<<<<

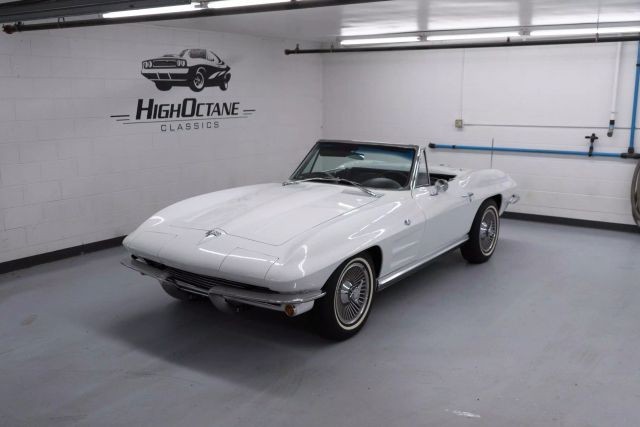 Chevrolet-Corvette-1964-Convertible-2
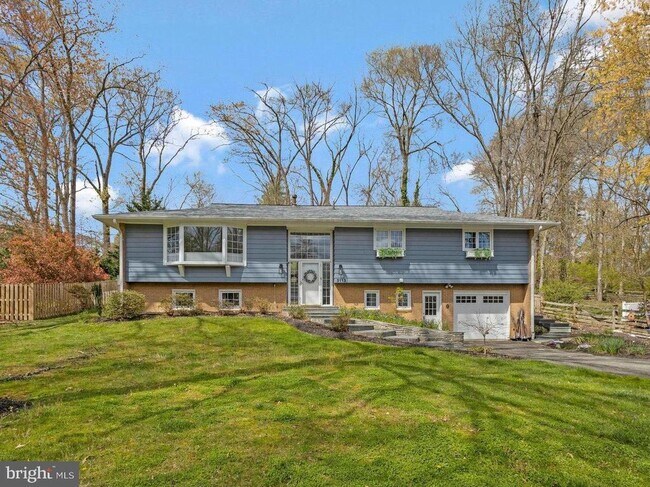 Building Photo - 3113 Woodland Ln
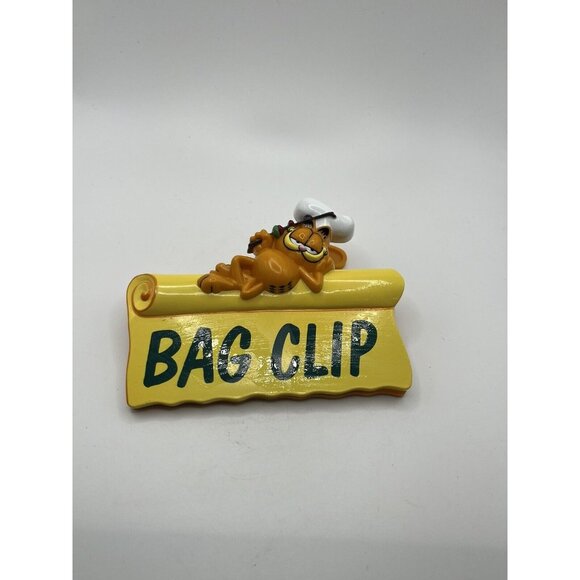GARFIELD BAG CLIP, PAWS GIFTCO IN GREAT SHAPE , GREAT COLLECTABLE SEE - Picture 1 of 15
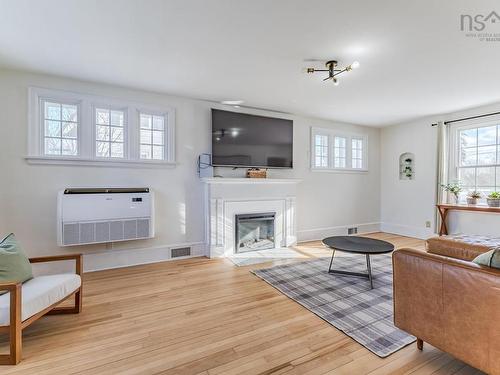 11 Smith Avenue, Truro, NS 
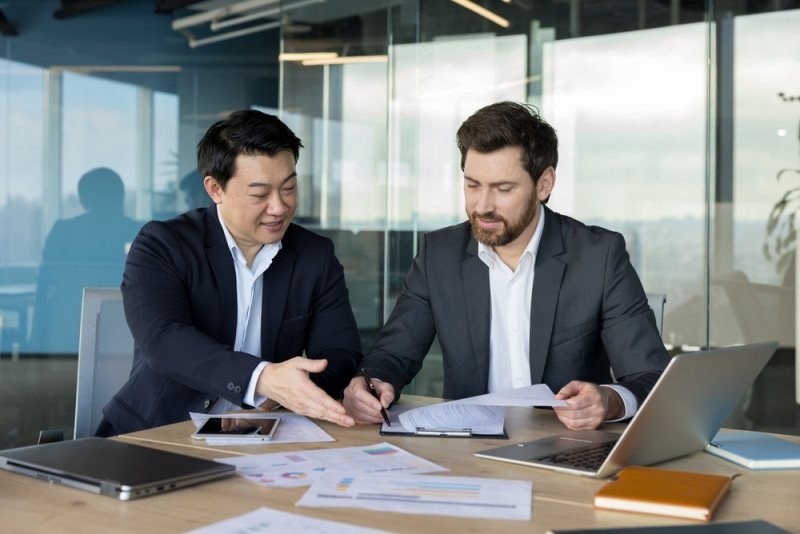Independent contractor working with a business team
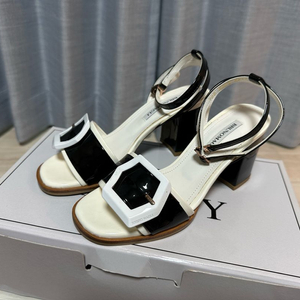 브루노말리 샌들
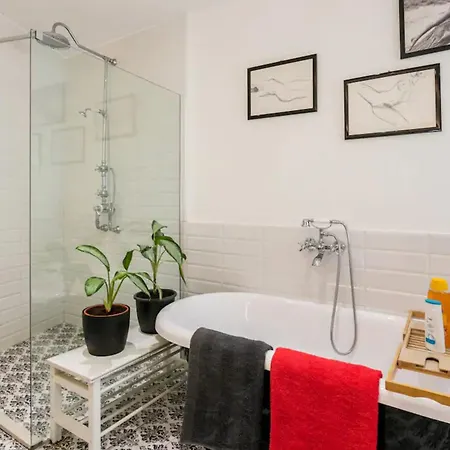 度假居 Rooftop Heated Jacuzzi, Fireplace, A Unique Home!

>>>>

What this task involves →
Could you return all the entries exactly as they appear, minus the pictures?

Written reply →
 Chevrolet-Corvette-1964-Convertible-2
 Building Photo - 3113 Woodland Ln
GARFIELD BAG CLIP, PAWS GIFTCO IN GREAT SHAPE , GREAT COLLECTABLE SEE - Picture 1 of 15
 11 Smith Avenue, Truro, NS 
Independent contractor working with a business team
 브루노말리 샌들
 度假居 Rooftop Heated Jacuzzi, Fireplace, A Unique Home!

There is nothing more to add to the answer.